(Stored data entries)
┄┄┄┄┄┄┄┄┄┄┄┄┄┄┄┄┄┄┄┄

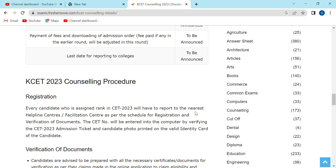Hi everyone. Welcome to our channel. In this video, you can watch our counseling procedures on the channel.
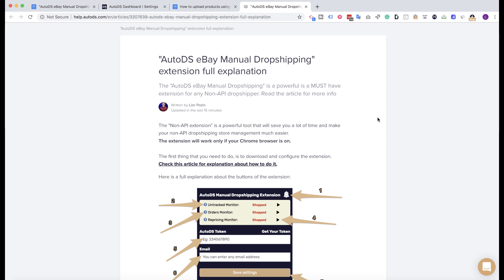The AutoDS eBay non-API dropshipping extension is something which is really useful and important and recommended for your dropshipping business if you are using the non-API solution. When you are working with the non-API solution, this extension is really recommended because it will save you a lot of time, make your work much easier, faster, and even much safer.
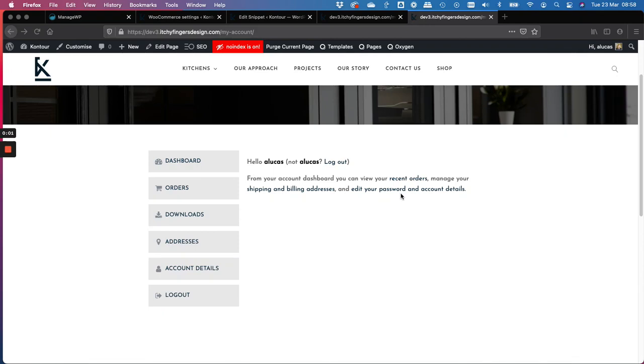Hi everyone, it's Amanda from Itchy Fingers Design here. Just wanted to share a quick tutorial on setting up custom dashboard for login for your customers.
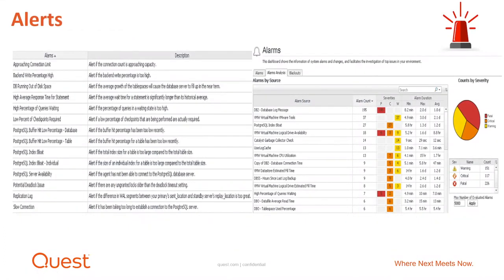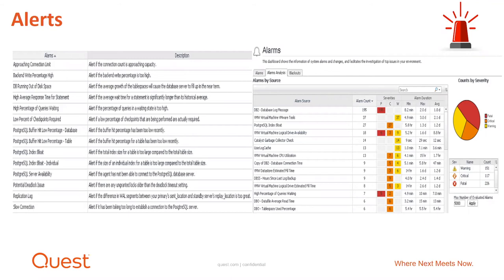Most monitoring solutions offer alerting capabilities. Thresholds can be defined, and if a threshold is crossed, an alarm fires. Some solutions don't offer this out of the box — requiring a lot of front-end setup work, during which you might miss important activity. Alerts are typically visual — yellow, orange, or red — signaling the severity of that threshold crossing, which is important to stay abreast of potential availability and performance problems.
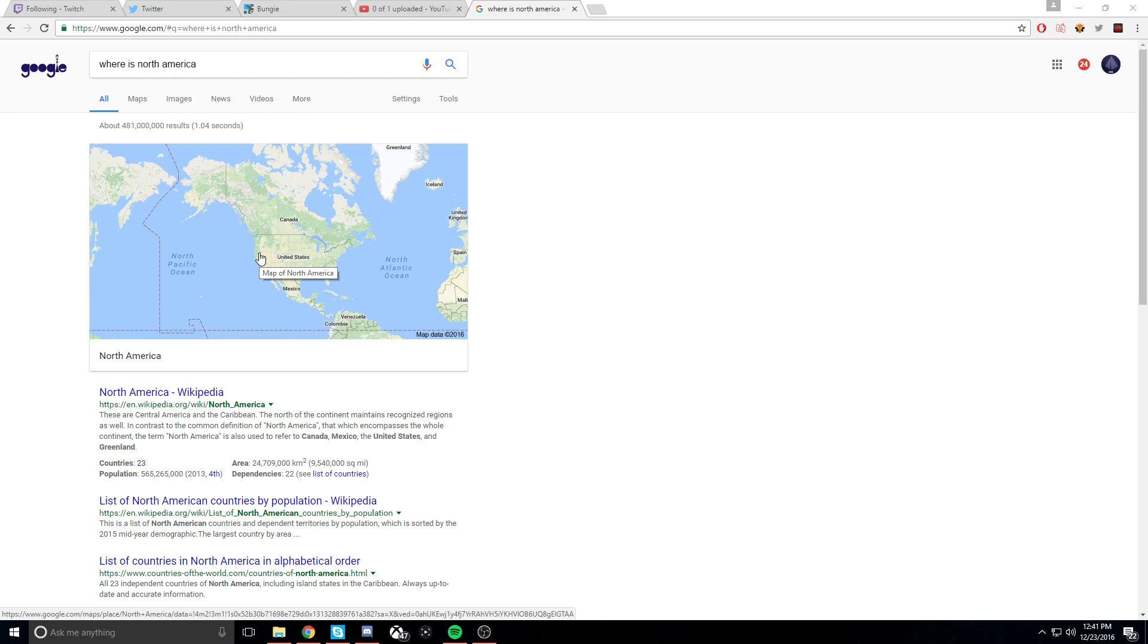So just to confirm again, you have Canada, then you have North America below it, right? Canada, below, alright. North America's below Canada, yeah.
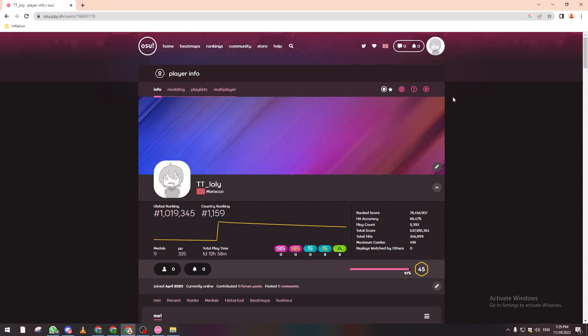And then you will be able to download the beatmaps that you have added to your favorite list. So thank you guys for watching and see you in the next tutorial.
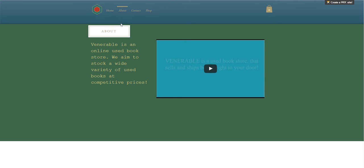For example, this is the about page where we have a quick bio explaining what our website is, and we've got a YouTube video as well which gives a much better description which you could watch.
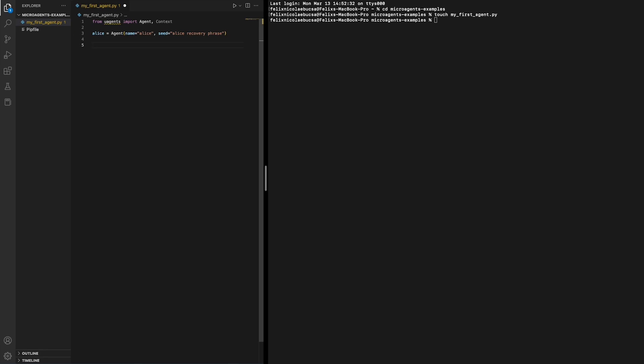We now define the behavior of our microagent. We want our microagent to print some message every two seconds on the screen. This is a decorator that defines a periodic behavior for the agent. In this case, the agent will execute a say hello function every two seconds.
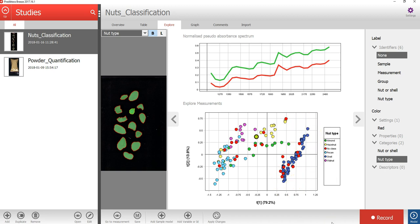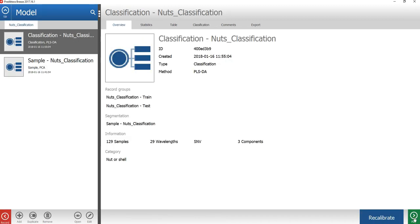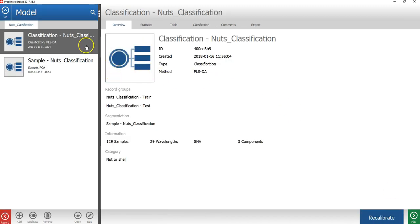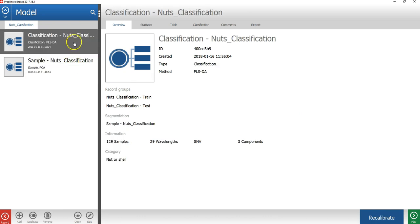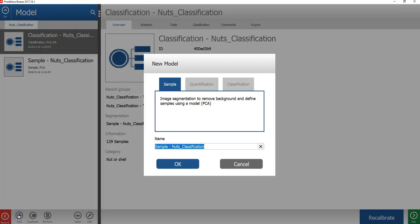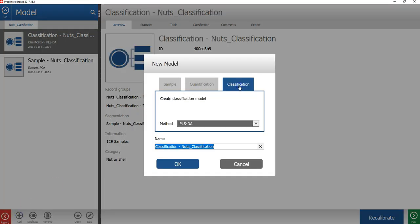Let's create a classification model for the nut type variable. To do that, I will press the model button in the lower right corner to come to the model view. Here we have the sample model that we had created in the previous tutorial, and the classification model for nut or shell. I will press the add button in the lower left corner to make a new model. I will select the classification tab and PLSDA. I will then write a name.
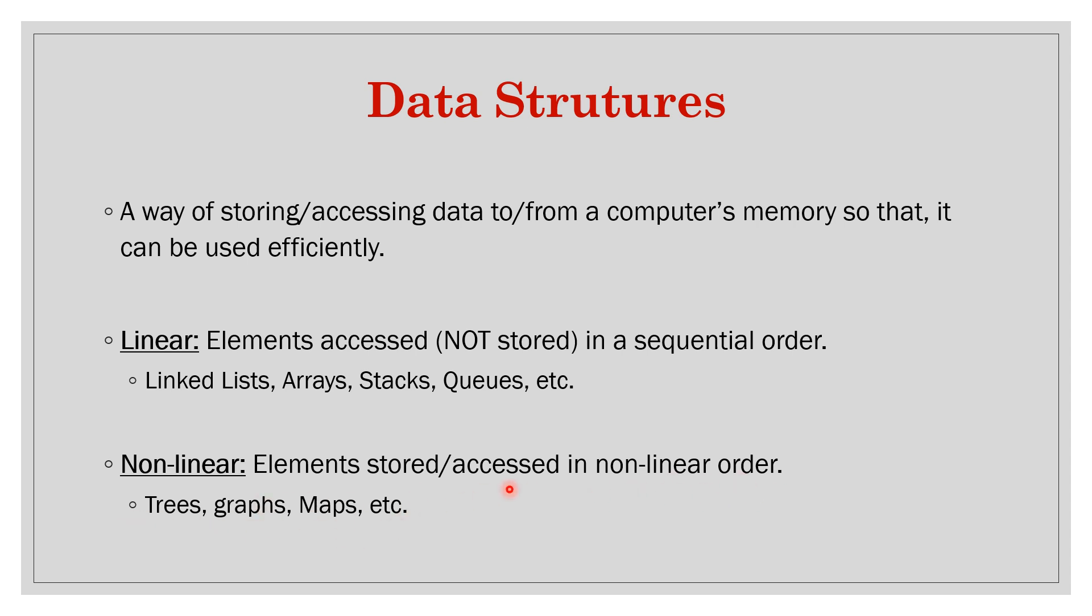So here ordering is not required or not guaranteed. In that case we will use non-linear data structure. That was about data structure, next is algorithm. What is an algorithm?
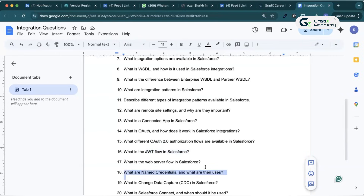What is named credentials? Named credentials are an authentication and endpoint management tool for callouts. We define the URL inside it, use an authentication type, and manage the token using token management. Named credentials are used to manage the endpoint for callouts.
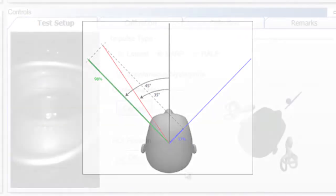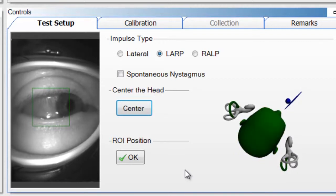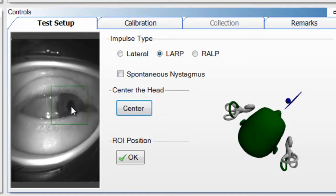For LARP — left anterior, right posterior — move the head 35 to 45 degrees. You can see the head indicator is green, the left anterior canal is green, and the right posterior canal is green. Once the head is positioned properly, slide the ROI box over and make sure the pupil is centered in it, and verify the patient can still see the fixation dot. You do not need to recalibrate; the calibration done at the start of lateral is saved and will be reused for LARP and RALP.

┄┄┄┄┄┄┄┄┄┄┄┄┄┄┄┄┄┄┄┄

• EXERCISE PROMPT
Each line from the first line of the entries through the line containing "Hi everyone, it's" should be duplicated word for word, and nothing more; the pictures stay out.

• RESPONSE FOR THIS EXERCISE
Hi everyone. Welcome to our channel. In this video, you can watch our counseling procedures on the channel.
The AutoDS eBay non-API dropshipping extension is something which is really useful and important and recommended for your dropshipping business if you are using the non-API solution. When you are working with the non-API solution, this extension is really recommended because it will save you a lot of time, make your work much easier, faster, and even much safer.
Hi everyone, it's Amanda from Itchy Fingers Design here. Just wanted to share a quick tutorial on setting up custom dashboard for login for your customers.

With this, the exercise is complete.